Here you can not apply that, any number p in set is a product of either 2a, 4a, or 2ab, with a, b, in set, and added 1. It helps you nothing. You may run into a set where, for all a, b, in it, all numbers of the form 2a+1, 4a+1, 2ab+1, are composite. There are n^2+2n numbers, and as you get higher, their chance to be prime is lower.
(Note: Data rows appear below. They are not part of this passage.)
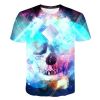 Hot Selling Custom Logo Compression Breathable Athletic Gym Men T Shirt 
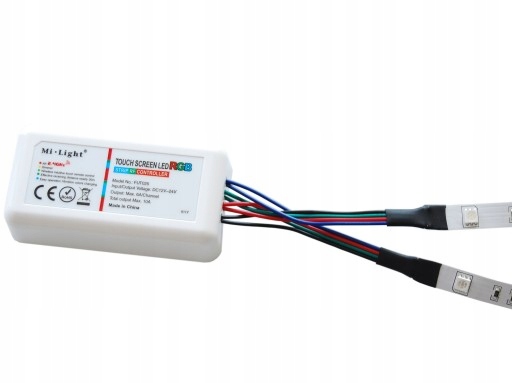 ZESTAW 20m TASMA LED RGB 5050 PILOT DOTYKOWY ZASIL Długość 20 m
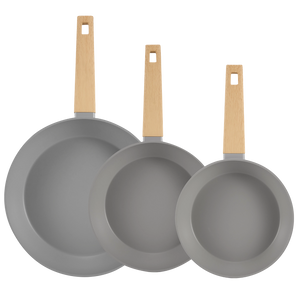 סט 3 מחבתות - Oxford urban gray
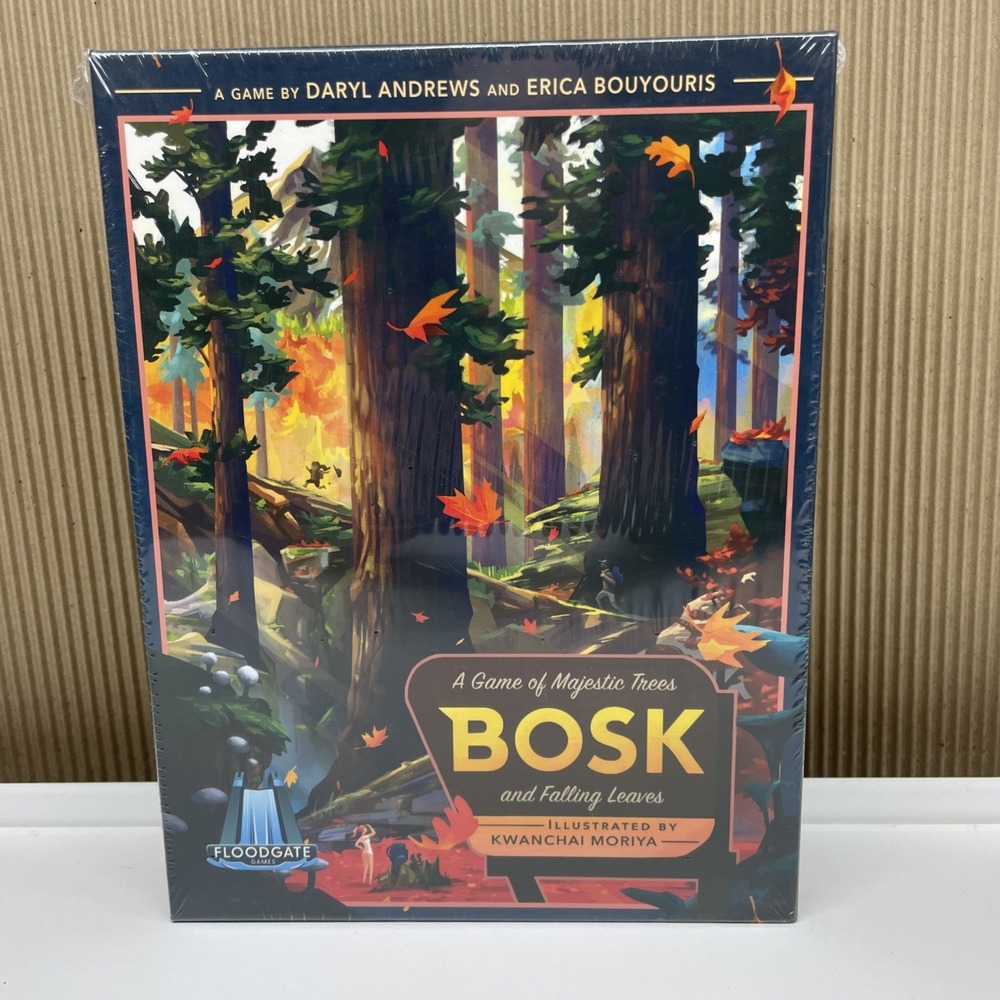 Bosk - A Game of Majestic Trees and Falling Leaves NEW Floodgate Board games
Then your set is finite and you are stuck.[/QUOTE]

I didn't say it proved the infinitude of this set but it is true of the subset {a,b,c} you are either producing another member or you are not. edit:you have {2,p,q}
if one of these is 3 then you are in a subset of 6*l+1 where l is a prime ( or 1).
primes other than 3 are 1 or 2 mod 3 p and q can't be both 2 mod 3 or both 1 mod 3 they have to be a mixture and the resulting value will then be 2 mod 3. so only if your primes that are 1 mod 3 keep producing primes with the 2 mod 3 values already in the set can it keep going forever along these lines.

here's a really ugly code for it (seems to jump for 15 ms to about 26 s with an increase of 10 fold in the #d can surpass):

[CODE]{my(d=[1,2,3],e=1);z
until(e==0 || #d>1000,
f=select(q->setminus([q],d)==[q] && isprime(q),apply(r->6*r+1,d));
g=fold((x,y)->vecsort(concat(x,y),,8),select(v->setminus([v],d)==[v] && setminus([v],f)==[v] && isprime(v),apply(t->apply(u->u+1,t),apply(s->2*s,apply(r->r*select(q->q%3!=r%3,d),d)))));
d=vecsort(concat(d,concat(g,f)),,8);
e=#f+#g);
d
}[/CODE]

there's likely already a faster way known that I don't know ( only thing that comes to mind is the 6 ways of arranging {a,b,c} is probably slowing it down without a condition to prevent that). edit:the vecsort in the fold slowed it down a lot for one now about 4 seconds for #d>100000

Let f(x) be the number of prime candidates belonging to the set between 2^x and 2^(x+1).
Then f(x+1)/f(x) → 1.14 (an irrational number, from the data posted above)
If this keeps on holding true then there would be infinite candidates.

[QUOTE=Citrix;454473]Let f(x) be the number of prime candidates belonging to the set between 2^x and 2^(x+1).
Then f(x+1)/f(x) → 1.14 (an irrational number, from the data posted above)
If this keeps on holding true then there would be infinite candidates.[/QUOTE]

Even f(x+1) - f(x) > 0 would suffice. :smile:

here's the data I get based on my code ( the number in each bit level, some bit levels may not be filled completely and started at x=45 and went down but there were 6 greater than 2^45:
[CODE]24
157
362
984
1528
2699
3413
5157
5947
7592
8113
9342
8955
9604
8921
8718
7576
7070
5829
5312
4240
3573
2770
2281
1707
1385
990
734
522
384
278
186
124
83
58
34
21
11
9
4
4
2
2
2
1[/CODE]

sorry second post for those interested here are the actual numbers themselves in 2 files so I don't break the forum size limit on the file.

Those attachments look right to me, sm88.

[QUOTE=CRGreathouse;454492]Those attachments look right to me, sm88.[/QUOTE]

yeah I just figured I'd give the information I could get quickly but you basically already have it and then some.